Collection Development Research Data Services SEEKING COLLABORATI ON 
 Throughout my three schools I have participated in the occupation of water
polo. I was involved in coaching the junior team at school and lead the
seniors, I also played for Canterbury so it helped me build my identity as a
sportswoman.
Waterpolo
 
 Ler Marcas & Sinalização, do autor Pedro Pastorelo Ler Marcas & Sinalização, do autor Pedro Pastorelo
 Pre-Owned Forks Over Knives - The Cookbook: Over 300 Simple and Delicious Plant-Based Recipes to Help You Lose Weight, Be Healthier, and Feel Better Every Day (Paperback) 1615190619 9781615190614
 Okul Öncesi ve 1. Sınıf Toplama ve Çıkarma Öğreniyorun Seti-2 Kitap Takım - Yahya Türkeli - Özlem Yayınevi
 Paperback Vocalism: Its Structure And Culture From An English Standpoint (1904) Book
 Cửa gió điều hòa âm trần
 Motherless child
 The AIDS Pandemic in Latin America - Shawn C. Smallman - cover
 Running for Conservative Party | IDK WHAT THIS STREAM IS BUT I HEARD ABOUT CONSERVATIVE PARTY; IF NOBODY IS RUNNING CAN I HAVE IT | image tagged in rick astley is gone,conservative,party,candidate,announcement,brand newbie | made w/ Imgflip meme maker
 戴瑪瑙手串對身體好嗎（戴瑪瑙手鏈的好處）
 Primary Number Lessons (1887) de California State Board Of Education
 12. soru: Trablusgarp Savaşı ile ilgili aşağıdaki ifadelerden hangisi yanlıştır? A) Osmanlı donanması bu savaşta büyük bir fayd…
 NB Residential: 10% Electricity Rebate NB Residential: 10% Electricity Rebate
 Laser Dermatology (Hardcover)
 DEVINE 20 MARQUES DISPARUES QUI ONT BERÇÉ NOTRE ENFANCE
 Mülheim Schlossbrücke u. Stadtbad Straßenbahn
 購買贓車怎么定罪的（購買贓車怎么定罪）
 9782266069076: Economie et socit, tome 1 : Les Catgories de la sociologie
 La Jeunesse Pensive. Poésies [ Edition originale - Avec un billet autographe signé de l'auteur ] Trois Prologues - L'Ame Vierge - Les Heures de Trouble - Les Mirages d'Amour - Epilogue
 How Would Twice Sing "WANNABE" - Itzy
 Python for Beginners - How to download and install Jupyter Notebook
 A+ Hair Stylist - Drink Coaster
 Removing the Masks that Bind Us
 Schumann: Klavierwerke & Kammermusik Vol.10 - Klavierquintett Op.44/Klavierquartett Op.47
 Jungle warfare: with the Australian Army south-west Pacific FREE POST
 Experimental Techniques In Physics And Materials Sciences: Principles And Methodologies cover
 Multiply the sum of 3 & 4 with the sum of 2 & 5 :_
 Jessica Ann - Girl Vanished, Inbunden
·····
The full listing needs to be transcribed exactly.

▸ ANSWER TO THIS TASK
Collection Development Research Data Services SEEKING COLLABORATI ON 
 Throughout my three schools I have participated in the occupation of water
polo. I was involved in coaching the junior team at school and lead the
seniors, I also played for Canterbury so it helped me build my identity as a
sportswoman.
Waterpolo
 
 Ler Marcas & Sinalização, do autor Pedro Pastorelo Ler Marcas & Sinalização, do autor Pedro Pastorelo
 Pre-Owned Forks Over Knives - The Cookbook: Over 300 Simple and Delicious Plant-Based Recipes to Help You Lose Weight, Be Healthier, and Feel Better Every Day (Paperback) 1615190619 9781615190614
 Okul Öncesi ve 1. Sınıf Toplama ve Çıkarma Öğreniyorun Seti-2 Kitap Takım - Yahya Türkeli - Özlem Yayınevi
 Paperback Vocalism: Its Structure And Culture From An English Standpoint (1904) Book
 Cửa gió điều hòa âm trần
 Motherless child
 The AIDS Pandemic in Latin America - Shawn C. Smallman - cover
 Running for Conservative Party | IDK WHAT THIS STREAM IS BUT I HEARD ABOUT CONSERVATIVE PARTY; IF NOBODY IS RUNNING CAN I HAVE IT | image tagged in rick astley is gone,conservative,party,candidate,announcement,brand newbie | made w/ Imgflip meme maker
 戴瑪瑙手串對身體好嗎（戴瑪瑙手鏈的好處）
 Primary Number Lessons (1887) de California State Board Of Education
 12. soru: Trablusgarp Savaşı ile ilgili aşağıdaki ifadelerden hangisi yanlıştır? A) Osmanlı donanması bu savaşta büyük bir fayd…
 NB Residential: 10% Electricity Rebate NB Residential: 10% Electricity Rebate
 Laser Dermatology (Hardcover)
 DEVINE 20 MARQUES DISPARUES QUI ONT BERÇÉ NOTRE ENFANCE
 Mülheim Schlossbrücke u. Stadtbad Straßenbahn
 購買贓車怎么定罪的（購買贓車怎么定罪）
 9782266069076: Economie et socit, tome 1 : Les Catgories de la sociologie
 La Jeunesse Pensive. Poésies [ Edition originale - Avec un billet autographe signé de l'auteur ] Trois Prologues - L'Ame Vierge - Les Heures de Trouble - Les Mirages d'Amour - Epilogue
 How Would Twice Sing "WANNABE" - Itzy
 Python for Beginners - How to download and install Jupyter Notebook
 A+ Hair Stylist - Drink Coaster
 Removing the Masks that Bind Us
 Schumann: Klavierwerke & Kammermusik Vol.10 - Klavierquintett Op.44/Klavierquartett Op.47
 Jungle warfare: with the Australian Army south-west Pacific FREE POST
 Experimental Techniques In Physics And Materials Sciences: Principles And Methodologies cover
 Multiply the sum of 3 & 4 with the sum of 2 & 5 :_
 Jessica Ann - Girl Vanished, Inbunden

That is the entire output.